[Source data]
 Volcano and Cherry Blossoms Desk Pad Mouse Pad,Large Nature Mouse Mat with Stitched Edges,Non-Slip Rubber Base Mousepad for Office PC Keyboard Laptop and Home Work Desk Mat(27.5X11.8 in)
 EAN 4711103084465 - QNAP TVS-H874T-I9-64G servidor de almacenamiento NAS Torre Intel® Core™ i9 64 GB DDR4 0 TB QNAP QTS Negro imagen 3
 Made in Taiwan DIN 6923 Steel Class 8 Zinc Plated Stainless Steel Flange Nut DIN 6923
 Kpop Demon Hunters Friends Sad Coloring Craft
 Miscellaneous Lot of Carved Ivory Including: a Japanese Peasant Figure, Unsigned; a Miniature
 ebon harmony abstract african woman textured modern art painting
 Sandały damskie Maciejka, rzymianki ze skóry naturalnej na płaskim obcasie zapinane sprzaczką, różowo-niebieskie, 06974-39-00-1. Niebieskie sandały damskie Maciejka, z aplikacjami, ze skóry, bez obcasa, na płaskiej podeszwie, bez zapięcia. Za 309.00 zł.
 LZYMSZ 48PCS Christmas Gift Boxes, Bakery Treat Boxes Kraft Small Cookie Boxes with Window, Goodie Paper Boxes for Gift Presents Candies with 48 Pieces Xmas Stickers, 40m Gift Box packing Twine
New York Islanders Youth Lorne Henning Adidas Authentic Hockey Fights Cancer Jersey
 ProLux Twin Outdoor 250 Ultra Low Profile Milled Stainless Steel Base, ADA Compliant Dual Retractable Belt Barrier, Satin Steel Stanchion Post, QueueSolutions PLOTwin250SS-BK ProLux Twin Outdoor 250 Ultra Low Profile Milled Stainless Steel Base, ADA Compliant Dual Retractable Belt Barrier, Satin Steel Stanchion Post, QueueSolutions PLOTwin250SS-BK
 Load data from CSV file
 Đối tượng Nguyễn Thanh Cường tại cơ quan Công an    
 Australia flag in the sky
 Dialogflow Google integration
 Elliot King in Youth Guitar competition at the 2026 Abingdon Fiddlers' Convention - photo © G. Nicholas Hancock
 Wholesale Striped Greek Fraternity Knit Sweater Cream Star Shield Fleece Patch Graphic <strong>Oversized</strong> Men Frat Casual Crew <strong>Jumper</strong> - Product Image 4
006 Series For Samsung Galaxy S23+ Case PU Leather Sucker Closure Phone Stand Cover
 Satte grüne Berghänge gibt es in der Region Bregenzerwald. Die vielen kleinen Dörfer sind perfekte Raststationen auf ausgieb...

● About this exercise:
Check each line of the records for the string "Youth" and copy those that have it.

● Written solution:
New York Islanders Youth Lorne Henning Adidas Authentic Hockey Fights Cancer Jersey
 Elliot King in Youth Guitar competition at the 2026 Abingdon Fiddlers' Convention - photo © G. Nicholas Hancock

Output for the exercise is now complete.